When true peace comes, when true shalom dawns, when all horrors are stalled up into wonder, when the warring and opposition and violence that are currently hardwired into all sentient life are silenced, when this happens, it will happen because—from strings to galactic superstructures—the universe will be filled with the knowledge that YHWH is the one we meet in the crucified and risen Jesus Christ. This knowledge brings unity, this knowledge creates harmony, this knowledge heals and raises and washes and purifies and aligns and clarifies. As Malcom Guite has said, all things—all things—will eventually be made sense of, but only in the one in whom alone anything truly makes sense: Jesus Christ, crucified and risen. In Him all things hold together (Col.1:17), in Him all things will be summed up (Eph.1:10), in Him peace comes to heaven and earth (Col.1:20).

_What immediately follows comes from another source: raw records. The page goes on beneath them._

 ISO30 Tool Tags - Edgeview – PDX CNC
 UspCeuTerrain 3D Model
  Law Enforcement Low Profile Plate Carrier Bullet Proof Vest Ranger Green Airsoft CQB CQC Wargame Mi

That last allusion is the one that, perhaps, fits best with this text from Isaiah. We have said so far that the universal peace of Isaiah 11:6-9a comes because the righteous reign of the Branch (1-5) brings about the pervasive knowledge of YHWH (9b). Similarly, in Colossians 1:20 (and the preceding verses), we see that Jesus—in whom all the fullness of deity is pleased to dwell—reconciles or harmonizes or draws into consent all things in heaven and on earth, “making peace by the blood of His cross.” This peace by the blood of the cross is, I’d argue, the peace of Is.11:5-9a; and within the phrase the “blood of the cross” is the eschatological revelation of YHWH that fills the world in Isaiah 11:9b. Yes, YHWH is made known in all the world in and through and by and as the crucified Jesus Christ, and it is this knowledge of Him, the knowledge of His glory in this face that will permeate and so harmonize reality.

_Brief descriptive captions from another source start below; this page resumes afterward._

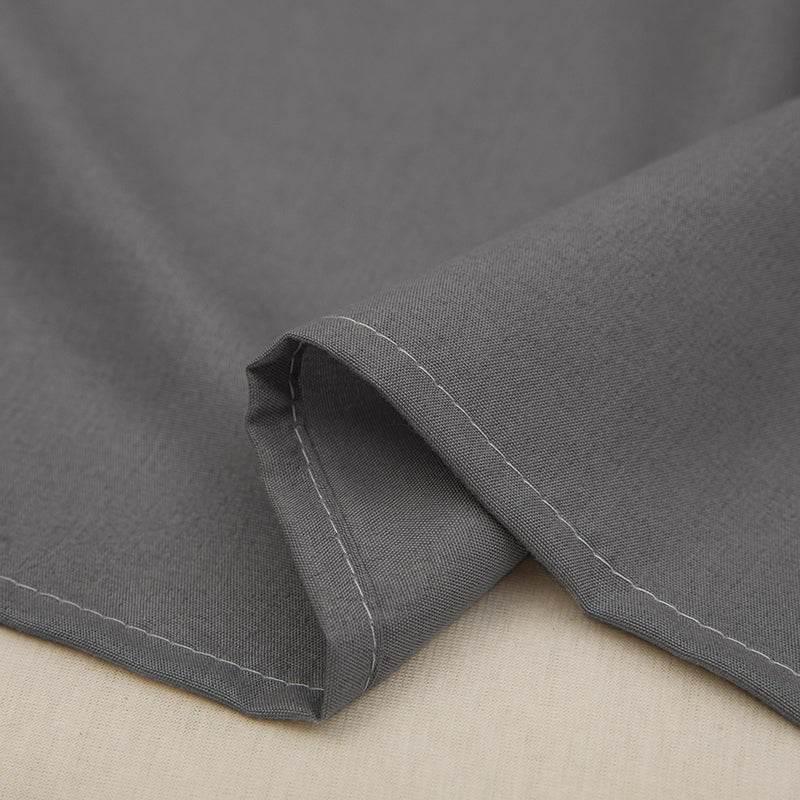 Solid Color Flat Bed Sheet Solid Color Flat Bed Sheet by Dropshee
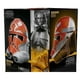 thumbnail image 1 of Star Wars The Black Series: The Clone Wars - Clone Trooper Division 332 Casco Electronico Premium Re blanco Estándar, 1 of 9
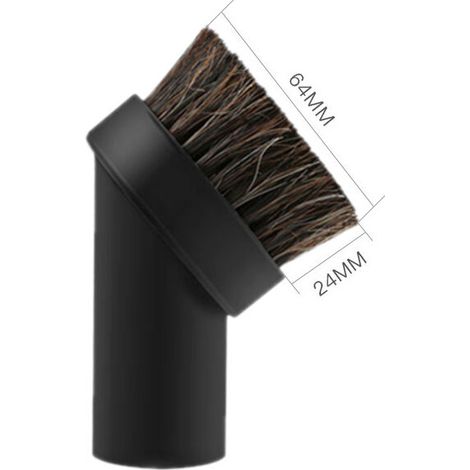 Philips Staubsaugerzubehör, Geeignet Für Staubsauger Mit Kaliber 32 Mm, Für Philips Staubsaugerdüse – Gemischte Rosshaar-rundbürste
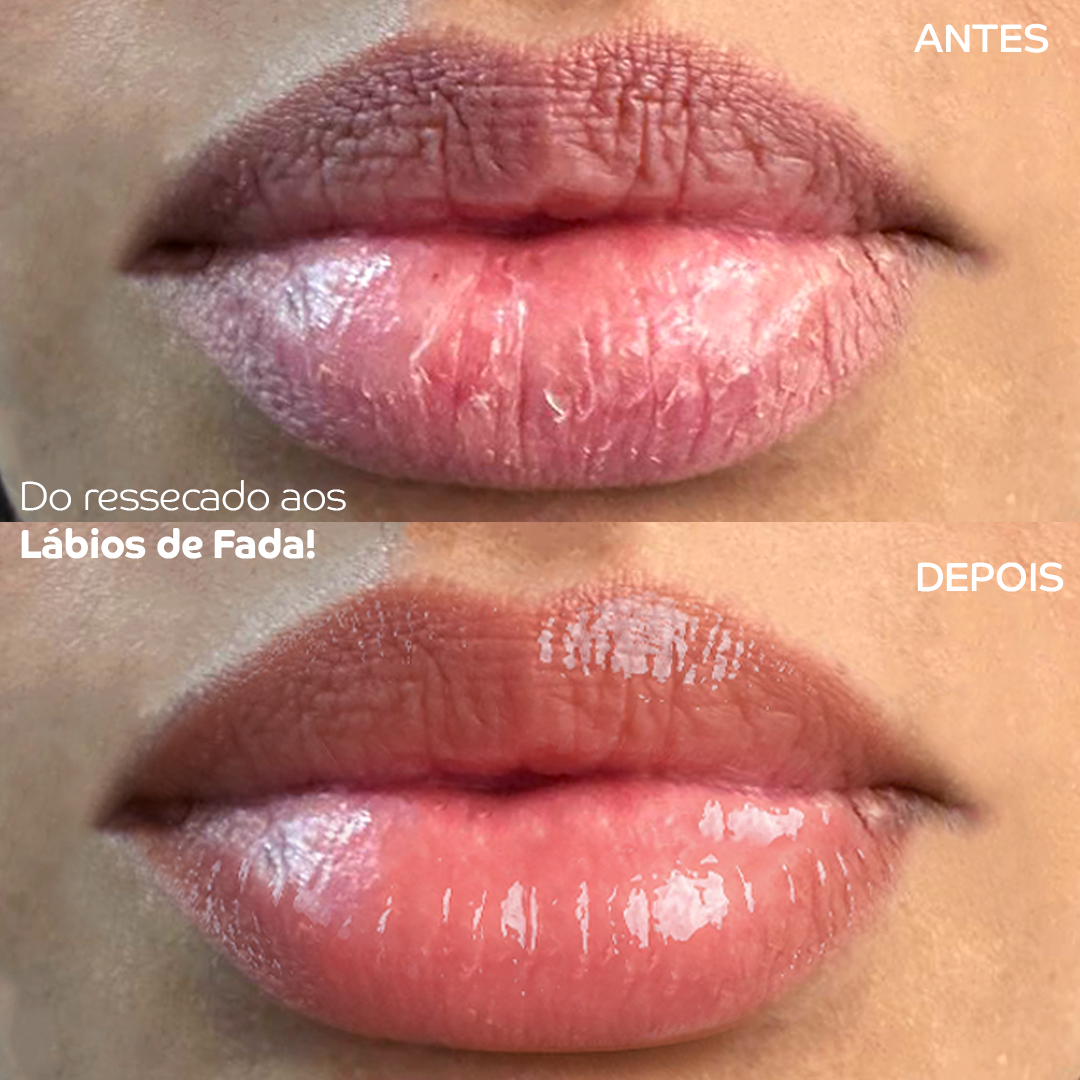 Lábios de Fada Hidratante Labial Incolor 10g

The wolf lying down with the lamb……Certainly this may be literal (I think it is), but is it—and the similarly arresting imagery in the following verses—is it not also a picture to us of the too-good-to-be-true Shalom that God is intending for all of His creation? Is it not also a picture of the Jew and Gentile in joyful fellowship? Of the peoples and nations that were once as opposed to one another as the hungry wolf and helpless lamb, now reconciled (by divine blood!), now at peace? Is this imagery not an invitation to hope all things? To hope wonders beyond imagining? To hope reconciliations beyond our heart’s present capacity to anticipate? Is it not an image that tells us, at the very least, that YHWH’s final purpose for His creation is a peace that truly passes all our understanding?

And why should this not be so? At the roots of created reality is the God-Man in whom creation is bound to God for her good; in whom the rebellion of all peoples is borne and the punishment of all peoples is swallowed up. If God is the one we meet in the reconciling revelation of Calvary, if this One is, indeed, the firstborn of all creation through whom and for whom all things exist, then we ought to expect that as creation is drawn into consent with Him, it will also be drawn into consent with itself. Yes, as the knowledge that this one is God permeates reality through the words and works of the Spirit-filled Bride, we will see incrementally—and, at last, completely—True Peace.